Answer
Vertex: $\left(-3,-9\right)$
Opening: right
Shape: wider than as $x=y^2$
Horizontal Axis
Work Step by Step
To find the vertex of the given equation, $
x=\dfrac{1}{3}y^2+6y+24
,$ convert the equation in the form $x=a(y-k)^2+h$.

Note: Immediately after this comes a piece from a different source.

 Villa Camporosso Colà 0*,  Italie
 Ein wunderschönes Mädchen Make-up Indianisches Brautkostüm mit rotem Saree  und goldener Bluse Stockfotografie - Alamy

Grouping the $y$-variables together and making the coefficient of $y^2$ equal to $1$, the given equation is equivalent to
\begin{align*}
x&=\left(\dfrac{1}{3}y^2+6y\right)+24
\\\\
x&=\dfrac{1}{3}\left(y^2+18y\right)+24
.\end{align*}
Completing the square of the right-side expression by adding $\left(\dfrac{b}{2}\right)^2,$ the equation above is equivalent to
\begin{align*}
x&=\dfrac{1}{3}\left(y^2+18y+\left(\dfrac{18}{2}\right)^2\right)+\left[24-\dfrac{1}{3}\left(\dfrac{18}{2}\right)^2\right]
\\\\
x&=\dfrac{1}{3}\left(y^2+18y+81\right)+\left[24-27\right]
\\\\
x&=\dfrac{1}{3}\left(y+9\right)^2-3
.\end{align*}
Since the vertex of the equation $x=a(y-k)^2+h$ is given by $(h,k)$, then the vertex of the quadratic equation above is $
\left(-3,-9\right)
$.
In the equation $
x=\dfrac{1}{3}\left(y+9\right)^2-3
,$ the squared variable is $y.$ Thus, the parabola opens left or right. With $a=\dfrac{1}{3}$ (greater than zero), then the parabola opens to the right.
With $|a|=\left|\dfrac{1}{3}\right|=\dfrac{1}{3}$ (between $0$ to $1$), then the shape of the parabola is wider than $x=y^2$.
Since $y$ is the squared variable in the equation, then the parabola has a horizontal axis.